According to network honchos — who met with advertisers Wednesday on the Warner Bros. lot in Burbank — the CW is already tracking strong awareness among its target young-adult demo.

In a study commissioned by network parents CBS and Warner Bros., 48% of adults 18-34 randomly sampled were already aware of the CW.

“That’s with no marketing or schedule, and a full six months before we hit the air,” said incoming CW entertainment prexy Dawn Ostroff.

CBS topper Leslie Moonves said the CW owners gave themselves until May to come up with a new moniker, in case they had second thoughts on the “CW” name. But they shut the door on that possibility after seeing those CW awareness results.

“The likeability factor of the CW is high as well,” Moonves said of the internal study.

Moonves did say, however, that the CW was in the process of developing a new logo.

On the affiliate front, the CW plans to announce 18 more stations on Thursday. Net has already sealed deals with groups including Belo, Hearst, Meredith and Acme.

Ostroff hinted that the weblet’s launch strategy will focus on targeting what it has branded the “CW generation,” which she said boasted $1.4 trillion in spending power.

Of the net’s projected audience, she said, 81% are employed — “these are not slackers. And 37% belong to a minority group.”

“This summer,” she promised, “we’ll target every outlet that appeals to our audience.”

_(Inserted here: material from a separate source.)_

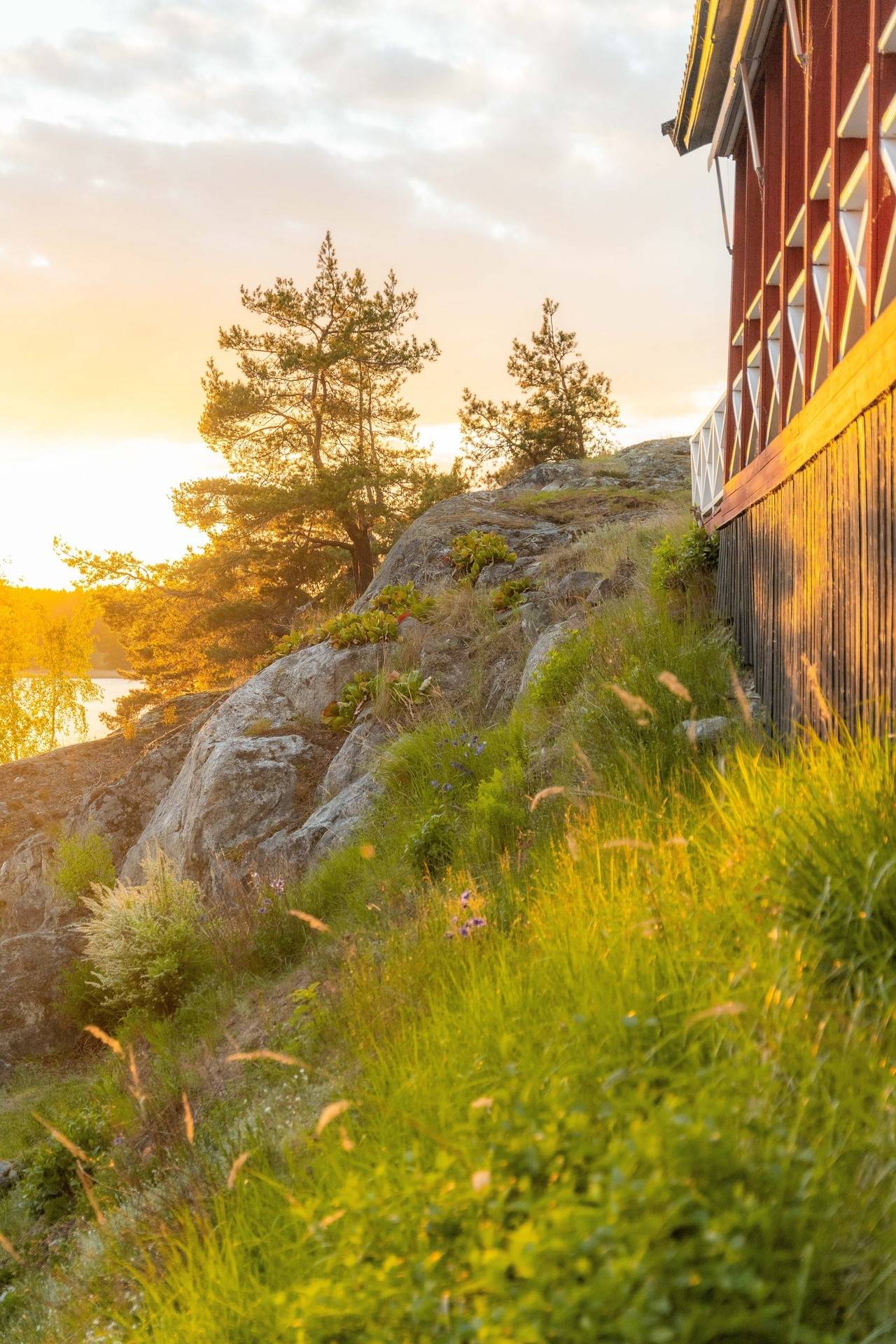 5 rum Fritidshus på Solö 12 Långhalsen Nyköpings kommun - bild 44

As for programming, Ostroff highlighted previously announced pilots such as “Aquaman” and the comedy “She Said, He Said,” starring Nick Lachey. While the CW hasn’t officially announced any new pickups, the network did pass out materials that listed shows such as “Veronica Mars,” “One Tree Hill,” “Supernatural,” “Gilmore Girls,” “Everwood,” “Reba” and “Everybody Hates Chris” as dramas and comedies “returning 2006-2007.”